The task –
What are the lines, copied exactly, from the one containing "Gebraucht Renault Twingo" through the final line of the material? Leave the pictures out.

Data –

-- -- --

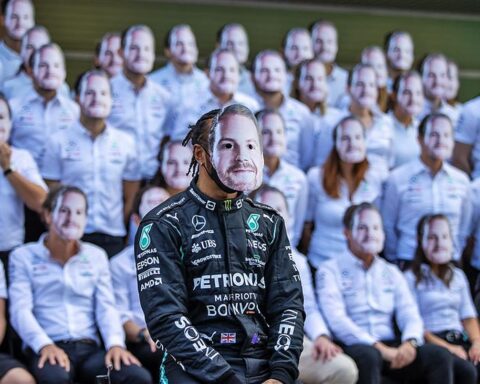 Lewis Hamilton at the 2021 Abu Dhabi Grand Prix.v1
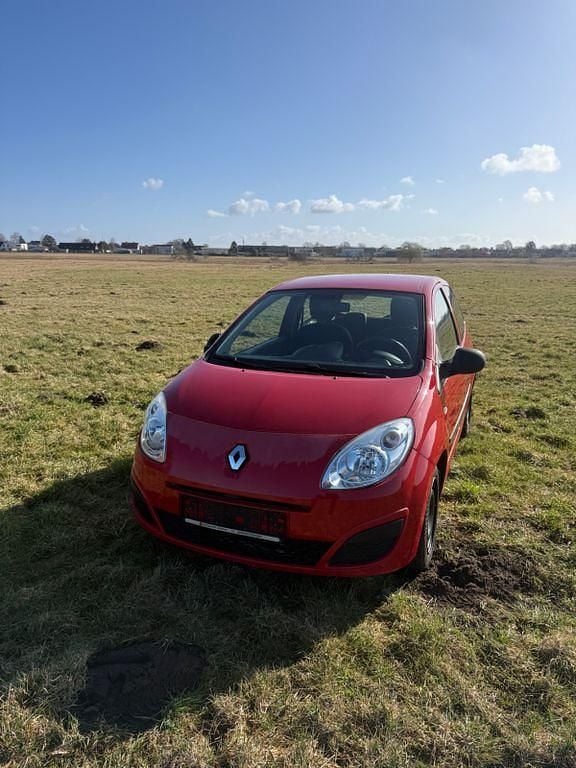 Gebraucht Renault Twingo Expression 58 PS (42 kW) 2010 Rot Kleinwagen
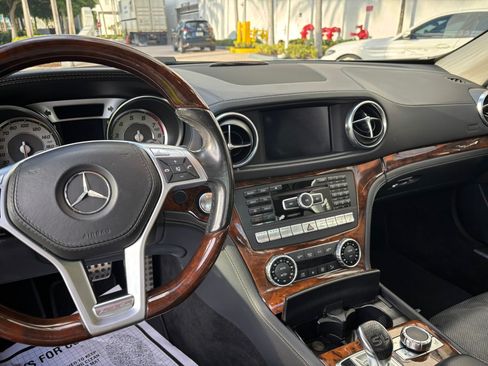 Used 2013 Mercedes-Benz SL 550 image 6
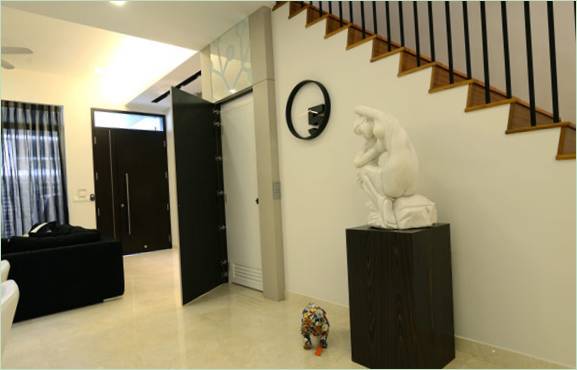 Esculturas en el interior del apartamento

-- -- --

Response for this exercise –
 Gebraucht Renault Twingo Expression 58 PS (42 kW) 2010 Rot Kleinwagen
 Used 2013 Mercedes-Benz SL 550 image 6
 Esculturas en el interior del apartamento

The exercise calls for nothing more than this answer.